# Task objective:
Once the line containing "New Tops Coats" is found in the entries below, reproduce it and every line after it, stopping at and including the line containing "アールデコのテーブル数20s金ゴールド海軍結婚式 テーブルナンバー"; reproduce nothing else, and keep each line exact.

# Excerpted records:
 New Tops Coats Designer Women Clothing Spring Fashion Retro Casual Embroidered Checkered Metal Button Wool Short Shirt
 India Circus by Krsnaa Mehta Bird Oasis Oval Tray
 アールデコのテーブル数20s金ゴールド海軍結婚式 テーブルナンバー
* * *
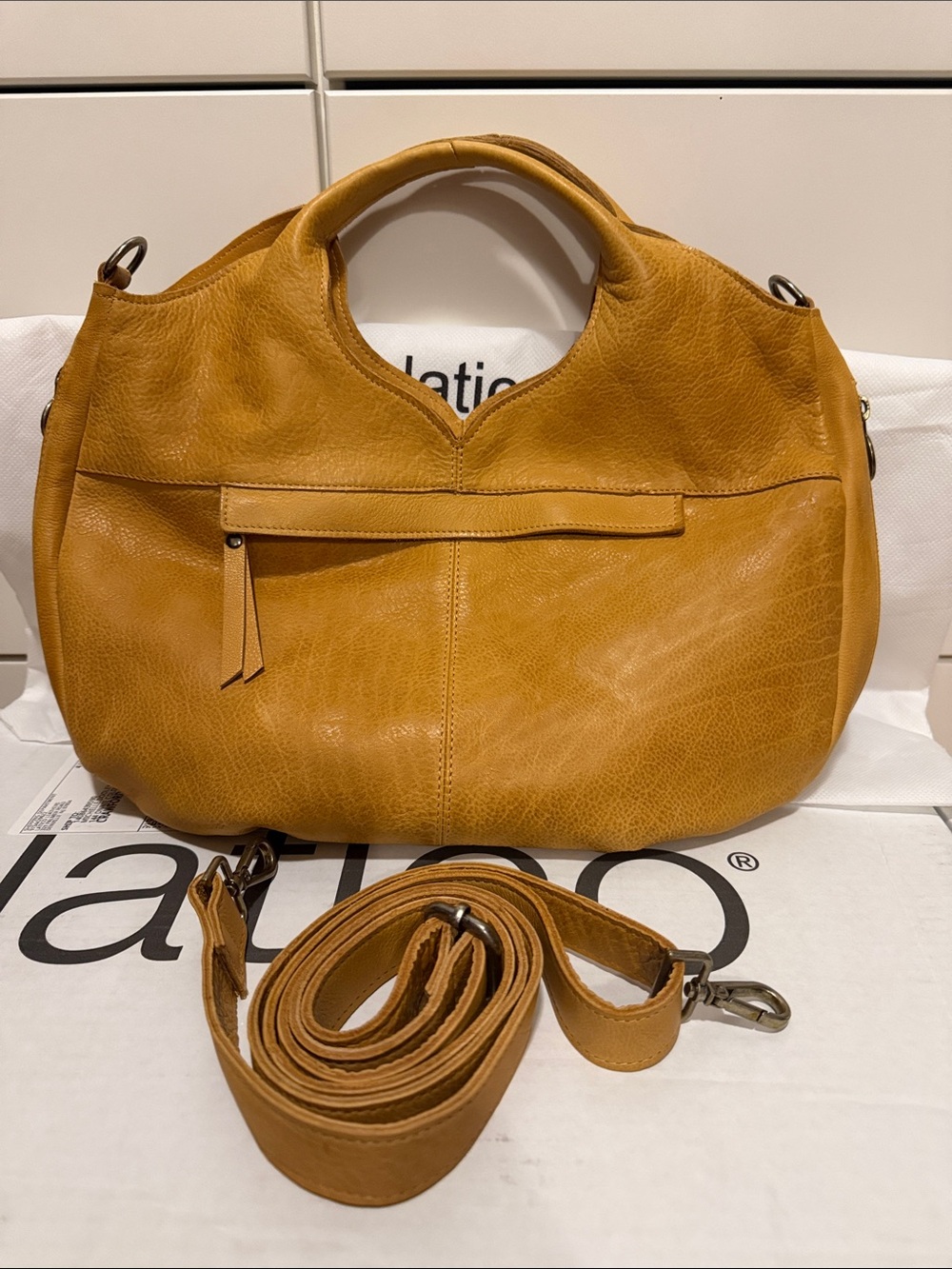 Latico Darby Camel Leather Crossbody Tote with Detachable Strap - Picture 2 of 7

# Reply to the task:
 New Tops Coats Designer Women Clothing Spring Fashion Retro Casual Embroidered Checkered Metal Button Wool Short Shirt
 India Circus by Krsnaa Mehta Bird Oasis Oval Tray
 アールデコのテーブル数20s金ゴールド海軍結婚式 テーブルナンバー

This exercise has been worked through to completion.